Шапелкин помолчал и вдруг в качестве последнего довода с отчаяньем добавил:
– Я не забуду, поллитра за мной. Считай, уж тут она, поллитра, не пропадет, да!
– Вот бы и принес, – перебирая струны, наставительным тоном сказал Соколовский. И пропел на мотив цыганочки: – И огурчиков бы, и сала, и картошечки чугунок…
– Все за мной, – приободрился Шапелкин.
– Левый, наверное, цемент? – ни с того ни с сего насмешливым тоном проницательного юриста поинтересовался Миша Разинский.
Шапелкин заерзал на скамье и от этого еще больше стал походить на сильно постаревшего мальчика.
– Оно, как тебе сказать, понимаешь, да…
– Как сказать… – Миша, словно адвокат, воззвал к широкой публике. – Эх ты, русский народ, стихийный диалектик: так сказать, этак сказать… Прямо скажи – левый или нет?
– Ну а если и левый, – раскипятился Шапелкин, – левый! А где ж я тебе правый-то возьму, да? Когда его по смете только в будущем годе дадут! Ты чушкам поди объясни, какой правый! Левый…
– Не беспокойся, бригадир, – тихо сказал Отец, – не переживай. Съездим утром. Ты только постарайся, чтоб ждать не пришлось.
– Верные мои маршалы, – объявил речитативом Соколовский, – вечность смотрит на вас со стен свинофермы. Выступаем завтра в шесть утра. По сигналу моей боевой гитары. Колоннами из трех грузовиков. Город отдается в ваше полное распоряжение. Кроме мелькомбината, особому наблюдению подлежат следующие объекты, – струны гитары многозначительно зарокотали, – гастроном «Ласточка» на центральной площади и пивная возле вокзала.
– Я все думаю, чего ты пошел в строители, – задумчиво, словно самого себя, спросил Миша Разинский, – с твоим оперативным мышлением в самую пору о военной карьере мечтать.
– Он опоздал родиться, – сказал Саня, оглядывая внимательно Соколовского, его сухую фигуру, маленькие крепкие руки и худое лицо с постоянным вздорно-задиристым выражением. – К чему ему военная карьера в эпоху ракет и сверхзвуковых самолетов? Посмотрите на него, ему же аксельбанты нужны, белый конь, марш-марш-парады, и чтоб в один день можно было из капрала сделаться наполеоновским маршалом.
И вот теперь этот несостоявшийся маршал лежал, свернувшись клубком и зажав по-детски сложенные вместе ладони между колен. И остальные десять его коллег находились во власти сладкого и беспомощного утреннего сна. У Сани не хватало духу заорать во все горло роковое слово «подъем». Хотя именно в этом и состояла главная обязанность последнего дежурного.
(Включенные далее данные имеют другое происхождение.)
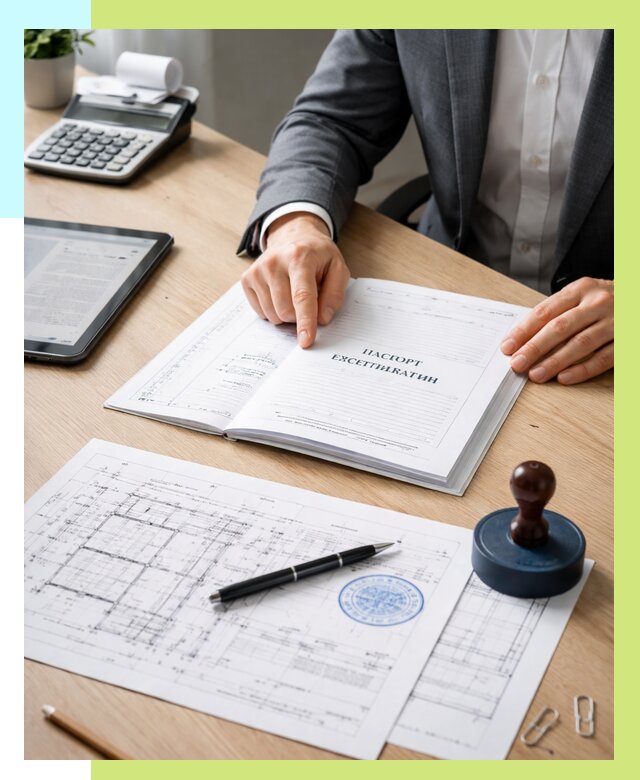 Паспорт эксплуатации в Ирбите под ключ от 4947 р. Алешин-Рбт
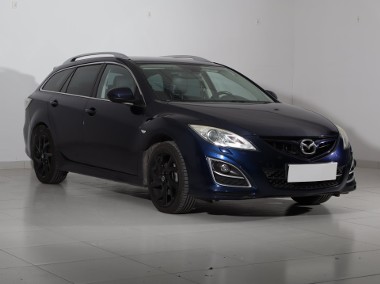 Mazda 6 II , Skóra, Xenon, Bi-Xenon, Klimatronic, Tempomat, Parktronic,-1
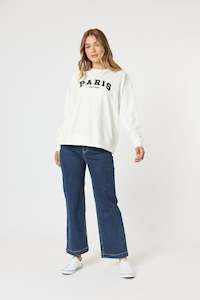 Paris Sweatshirt White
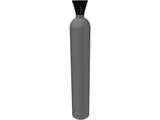 Gas Cylinder 3D Model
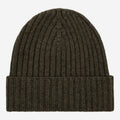 Milano (dark green) - Italian 100% cashmere ribbed beanie (unisex) - Che Cose Belle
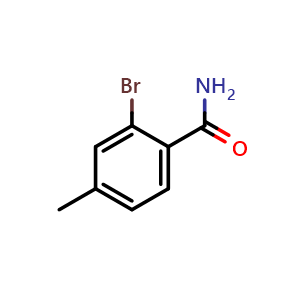 Chemical structure of 2-Bromo-4-methylbenzamide , CAS 131002-03-4, AChemBlock X176688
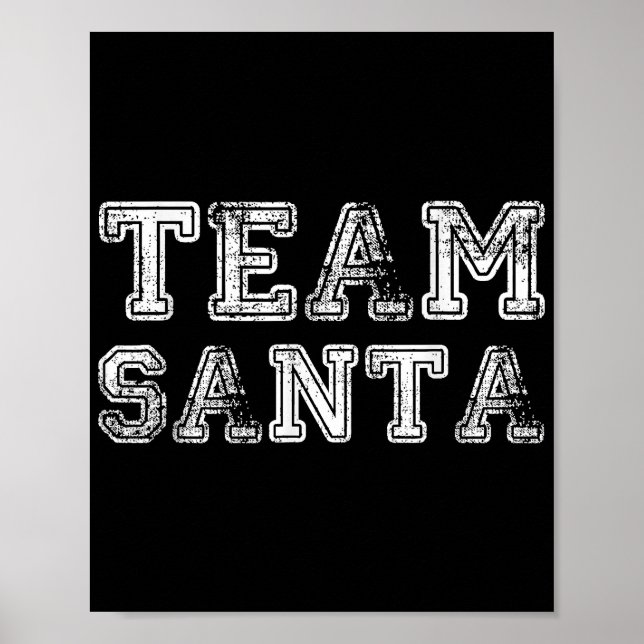 Poster Equipe Papai Noel Natal Divertido  (Frente)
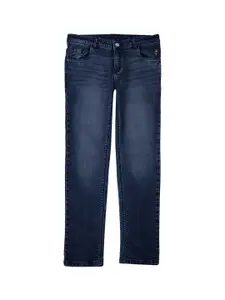 Gini and Jony Girls Embellished Clean Look Light Fade Mid Rise Denim Jeans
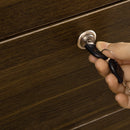 Cassettiera Schedario Portadocumenti 3 Cassetti 40x50x68,5 cm per Ufficio in MDF con Ruote Marrone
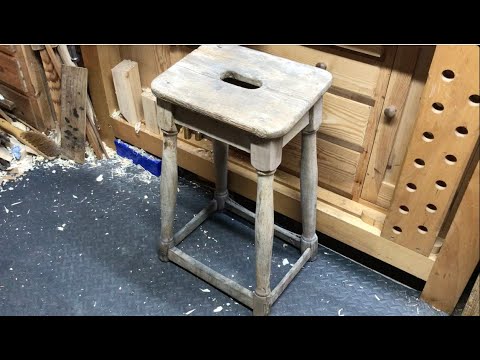Repairing an Industrial stool.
Не того он боялся, что его изругают, подумаешь, будто он не в силах ответить, просто трудно ему было вот так вот с ходу, без колебаний и сомнений прервать чужое состояние безмятежности и покоя. В это мгновение он понял, что Отец давно уже не спит, а просто лежит с закрытыми глазами, продлевая краткое удовольствие тепла и неподвижности.
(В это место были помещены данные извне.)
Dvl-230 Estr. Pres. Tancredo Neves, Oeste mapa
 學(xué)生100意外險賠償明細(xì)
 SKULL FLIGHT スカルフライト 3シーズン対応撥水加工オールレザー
– Не решаешься? – тихо спросил Отец, приоткрывая глаза. Он рывком сбросил одеяло и сел. – Думаешь, что в этом гуманизм и состоит? Ну что ж, я за тебя крикну. – И он действительно крикнул – повелительно, но не раздражающе, это была интонация осознанной необходимости, а не прихоти или распоряжения.
Саня развел руками.
– Ты и в этом виртуоз, старик, ну что я могу поделать? – И пошел на двор ополоснуть лицо холодной водой.
Ребята нехотя выбрались за ним, помахали ради зарядки руками, без всякого удовольствия и озорства, ежась от озноба, поплескались дождевой водой из бочки. Летом все было не так, летом в лагере по утрам гремел визг и хохот, Миша Разинский публично стоял на голове, демонстрируя чудеса йоговской гимнастики, контраст был столь очевиден, что под ложечкой вновь засосала тоска.
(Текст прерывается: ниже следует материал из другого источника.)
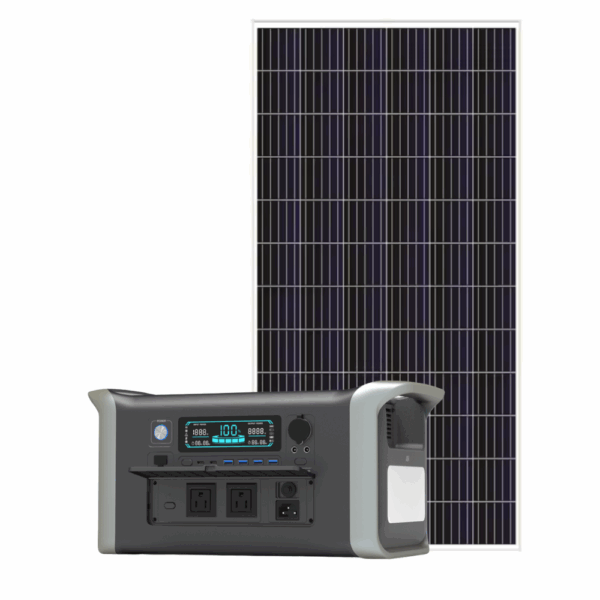 Eco Power station Χωρητικότητας 320.000mAh / 1024Wh / 1800W + Ηλιακό Πάνελ LiFePO₄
Саня вернулся в дом, он попытался причесаться возле тусклого зеркала, стараясь подлезть под руку Алику Гусеву и одновременно оставить уголок Лене Беренбауму. То, что увидел неожиданно в мутном стекле, удивило его, и он обернулся. Миша Разинский стоял посреди комнаты, там, где пол был относительно чист, и аккуратно, чтобы не запачкать низки, надевал выходные брюки. И свитер на нем был не рабочий – из яркой пушистой шерсти.
– Ты что это? – поразился Саня. – Что за пасхальный вид?
– Да так вот, – Миша улыбнулся, – необходимо, знаешь, почувствовать себя иногда нормальным, чистым человеком. Одежда – это, старичок, кратчайший путь к самоутверждению. Когда я хорошо одет, я свободен, я личность, я, как ты любишь повторять, мыслящий тростник.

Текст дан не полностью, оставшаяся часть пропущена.